The problem affects all states in the region but has been a particularly dominant aspect of conflict in the eastern Congo. Daniel Bekele, Executive Director of Human Rights Watch's Africa Division, commented: "Civilians in eastern Congo have suffered atrocities without end, but very few of those responsible are ever brought to justice." Tackling sexual violence must, therefore, be a priority for the UN Security Council delegation in its visits to the central African states.

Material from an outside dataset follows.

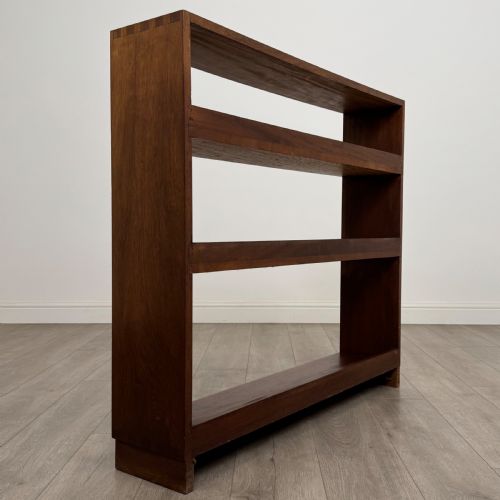 ANTIQUE 20TH CENTURY SIMPLE MAHOGANY BOOKCASE - ADDITIONAL PHOTO 5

Three particular points on the delegation's agenda provide ample opportunity to address the issue: the visit to an IDP (internally-displaced persons) camp in Goma, eastern Congo; the meeting with Rwandan President Paul Kagame in Kigali, Rwanda; and the meeting with Ethiopian Prime Minister Hailemariam Desalegn and the African Union Peace and Security Council in Addis Ababa, Ethiopia. There will, however, be challenges at each stage.
After meeting Congolese President Joseph Kabila in Kinshasa in the early days of the trip, the delegation will travel to Goma, eastern Congo, where they will visit a camp established to house internally-displaced persons. Sexual violence is known to be rife in IDP camps yet to fully understand the extent of the problem, the delegation must make talking to the victims and documenting their ordeals a priority. This in itself is a difficult task. Hostility towards 'outsiders' reigns strong in many African communities and those individuals who do speak to UN personnel are put at risk of condemnation from their peers. IDPs are vulnerable enough as it is, without the additional risk brought in by the involvement of foreign organisation's personnel.

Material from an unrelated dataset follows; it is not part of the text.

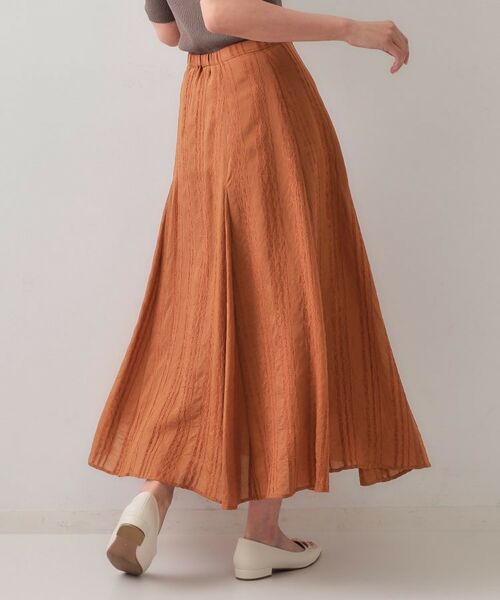 OPAQUE.CLIP / オペーク ドット クリップ ロング・マキシ丈スカート | ランダムストライプフレアスカート | 詳細5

Following Goma, the group will move on to a meeting with Rwandan President Paul Kagame in Kigali. Here, the delegation needs to address the Rwandan government's support of the M23 rebel group which has committed countless violent and sexual crimes in the region. Human Rights Watch has argued that the UN Security Council should pass a resolution requiring that the Rwandan government end all support to the M23 group and impose sanctions on those senior Rwandan officials that choose to maintain support for the group regardless. Despite the obvious need for this pressure, the impetus does not seem to be strong within the delegation itself. Mark Lyall Grant, the British Ambassador who is co-heading the visit, has acknowledged the importance of the trip, and the significance of the its timing, but has not expressed any evidence of a keen desire to pressure problematic governments. He commented that the Security Council would be able to "put a little bit of pressure on all the governments . . . to come together and resolve some of these issues." Lyall Grant's comments are uninspiring, to say the least, and reveal the challenge of balancing and unifying the motivations of the delegation.

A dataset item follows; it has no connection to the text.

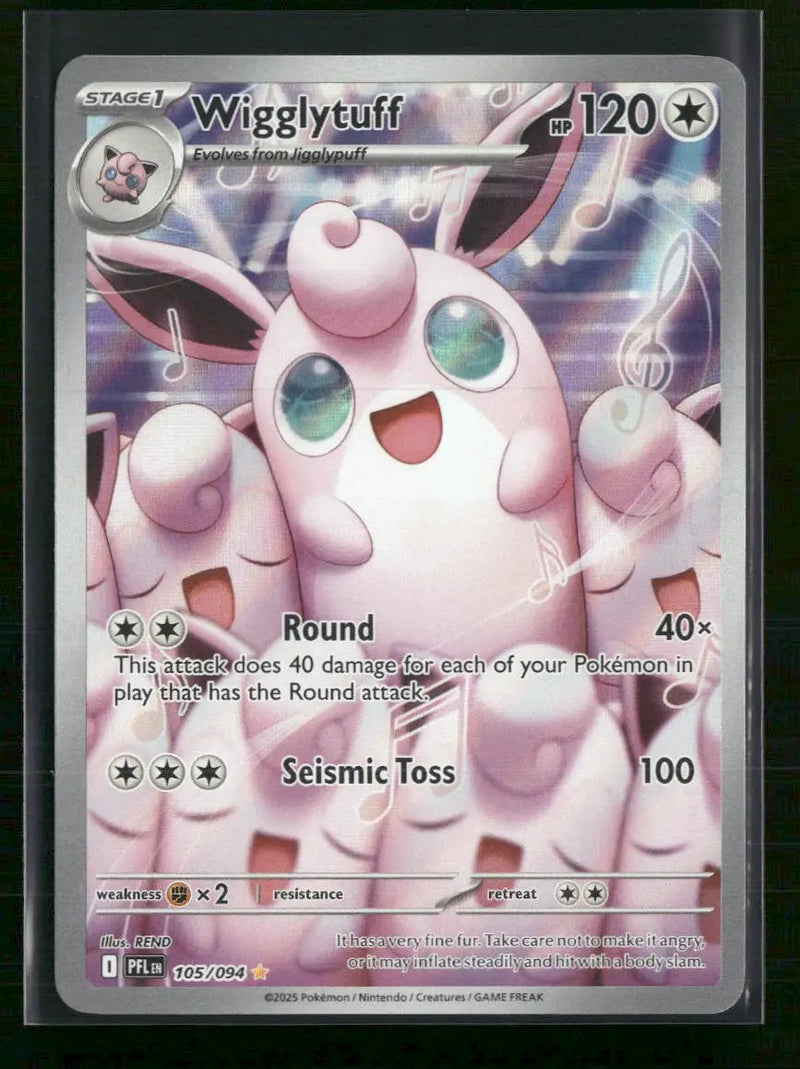 ME02: Phantasmal Flames Wigglytuff #105/094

On their final stop in Addis Ababa, Ethiopia, the delegation will meet Ethiopian President Hailemariam Desalegn and the African Union Peace and Security Council to discuss the work of the International Criminal Court (ICC). This meeting presents a welcome opportunity to discuss the fact that the ICC does not have a strong record in recognising and prosecuting crimes of sexual violence. The most pertinent example of this was the ICC's trial of Thomas Lubanga Dyilo; despite a huge body of evidence detailing the acts of sexual violence committed by those under Lubanga's command, the charges were never sustained at trial, namely owing to problems in the collection of evidence. The Security Council should take this opportunity to address this problem in order that, in future cases, sexual violence is suitably recognised as the severe and atrocious war crime that it is. Unfortunately, however, the meeting is likely to be dominated by the upset of many states who see the ICC as deliberately targeting African leaders in its work, and, following recent expressions from Kenya, by the calls for African countries to withdraw from the Court altogether.
Finding solutions to these challenges is undoubtedly a challenge in itself. The delegation could seek the support of non-governmental organisations (NGOs) already operating in the IDP camps to reduce the risk of putting individuals in danger, but this in itself carries risks for NGO staff. In meetings with the Rwandan government, the delegation could highlight the punitive measures and sanctions available to it in the event of continued governmental support for rebel groups, but this risks fracturing the existing state of co-operation between the parties. Finally, the delegation could stress the importance of tackling sexual violence as a way of bringing some stability to the region in its Addis Ababa meeting, but the issues concerning the possibility of a mass African withdrawal from the ICC is likely to overshadow this, not least because of its immediacy.
The UN Security Council delegation, therefore, must approach its tasks in central Africa with caution: push the issue of sexual violence too much and it risks upsetting the relatively co-operative status quo, but fail to push the issue enough and the delegation becomes yet another international body that has failed the region's victims of sexual violence.